States Constitution provides that no person shall be deprived of

life, liberty or property without due process of law, which is

not a term without meaning.”    Respondent’s use of statutorily
                                - 25 -

created summary collection provisions has been approved by the

courts for many years and found to be constitutional.    Here,

obviously, there is no taking or deprivation of property without

due process.    The administrative proceeding in which petitioner

participated and the litigation in which he now engages are

designed to provide petitioner with due process.    See Myers v.

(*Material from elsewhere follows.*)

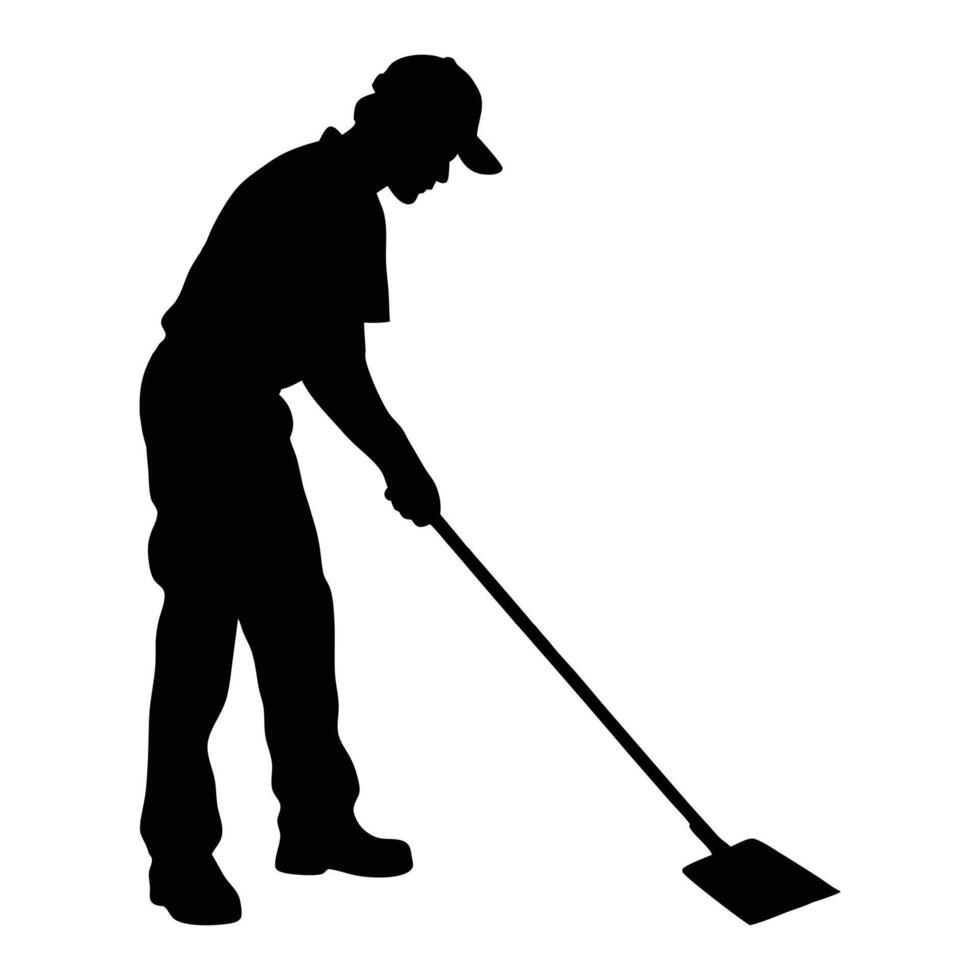 A man working on the yard silhouette isolated white background vector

United States, 647 F.2d 591, 602 (5th Cir. 1981).    Moreover,

petitioner availed himself of the opportunity to litigate the

merits of respondent’s determination of the underlying tax

liability and pursued his position on appeal to the Court of

Appeals for the Fifth Circuit.    It was only after our decision in

that case was final and petitioner’s failure to pay that

respondent used summary collection methods.    Here again

petitioner’s contention is without substance or merit.

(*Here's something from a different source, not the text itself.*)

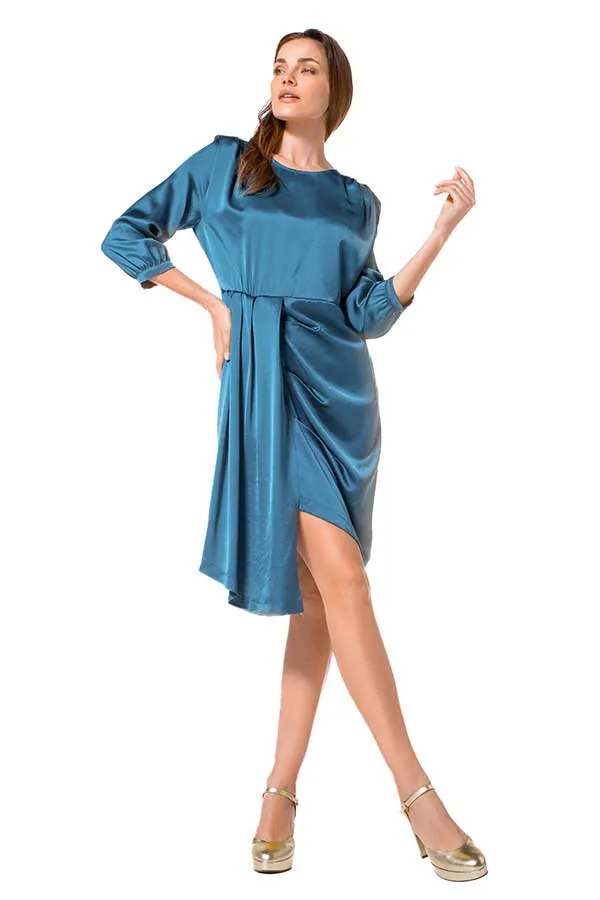 Caroline Biss BLUE ASYMMETRICAL SHINY VISCOSE DRESS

     VIII.     Whether Respondent Was Entitled To Offset Tax
               Refunds From Joint Returns of Petitioner and His Wife
               Against Petitioner’s Outstanding Individual 1991 Tax
               Obligation

     Petitioner’s individual tax liability, including interest

and penalties, was approximately $288,028.05 (with interest

calculated to January 31, 2006).    Respondent offset a total

amount of $772.64 of refunds from petitioner’s and his wife’s

joint 1999 through 2002 Federal income tax returns.     Petitioner

broadly contends that respondent is not entitled to offset joint

income tax refunds against the individual tax of one of the joint

filers.
                               - 26 -

     Initially, the filing of a joint return does not, per se,

make the joint filers equal “owners” of any refund of tax from

said return.   Instead, each joint filer is apportioned an

interest in the overpayment to the extent he or she contributed

to the overpayment.    See Gens v. United States, 230 Ct. Cl. 42,

673 F.2d 366 (1982).    In that regard, petitioner has not shown

that any portion of the overpayments for the years 1999 through

2002 was attributable to his wife.      Without such information, we

cannot find that there was any abuse of discretion in not

adjusting or reversing the offsets.

     Conclusion and Holding--Although petitioner’s filings were

sparse and terse, we have carefully considered his summary

contentions.   To the extent that we have not addressed any

particular aspect of his contentions, they are not worthy of

further consideration or comment.    We hold that respondent’s

determination to pursue collection by filing Notices of Federal

Tax Liens was not an abuse of discretion.     In this case where

petitioner has not shown how a compromise of his liability would

promote effective tax administration coupled with his admission

that his assets are sufficient to pay the outstanding tax

liability, respondent’s refusal to consider alternatives is not

an abuse of discretion.   Petitioner’s contention in this regard

has been that the filing of a lien will affect his credit and

ability to sell or transfer assets.     Those reasons do not, per
                             - 27 -

se, make it unreasonable for respondent to refuse an offer-in-

comprise.

     To reflect the foregoing,

                                      Decision will be entered

                                 for respondent.